THE recent inflation figures released by the Central Statistical Office merely reflect suppressed inflation, not an improvement in the economy, economists said last week.

In separate interviews, they said the decline in the annual inflation rate announced by the CSO last week was not worth celebrating as it was merely a result of the unrealistic prices imposed by the government through its price controls.

The CSO last week reported that monthly inflation figures for August dropped by 19.8 percentage points to a "two-year low" of 11.8% while annual inflation slowed from a July peak of 7 634.8% to 6 592. 8%.

"I do not believe that," an independent economist John Robertson said. "Their calculations were based on assumptions and not the real prices prevailing on the black market.

"We cannot take the figures seriously, considering there were very few goods on the official market at the time of their compilation. People relied heavily on the black market where prices of goods are much higher than the assumed prices they (CSO) used."

Others said the slowdown was artificial as the CSO merely used government gazetted prices, ignoring the fact that the month was characterised by a chronic shortage of goods, most of them components of the list used in calculating inflation figures.

The CSO list consists of such commodities as sugar, cooking oil, soap and beef. Recently, most supermarkets and retail shops have had a severe shortage of these items.

On the black market, where they are readily available, such goods normally fetch a price two or three times higher than the official one.

The economists said price controls merely suppressed inflation.

It was hopeless, they said, to try and alleviate inflation through the imposition of price controls in an economy hit by shortages.

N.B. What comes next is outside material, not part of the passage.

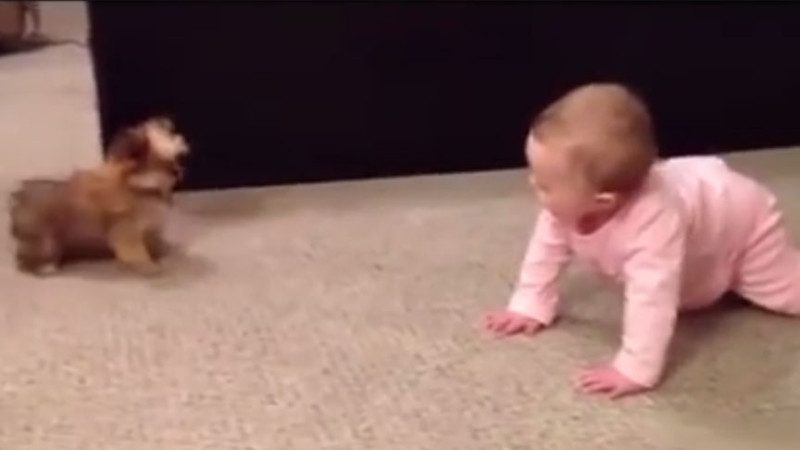 學爬的寶寶首次見狗狗 狗寶寶也初次見小寶寶 於是出現了視頻的這一幕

Such drastic measures tended to push people out of the formal market, pushing up prices and raising the inflation rate.

"Suppressed inflation is not genuine inflation," said Kingdom's Witness Chinyama. "If there were no shortages, we would see inflation coming down.

"If supermarkets were well-stocked and goods were available, we would see it coming down."

For a long time now, CSO figures have been dogged by controversy, with some independent analysts placing their inflation figures invariably higher than those of the government agency.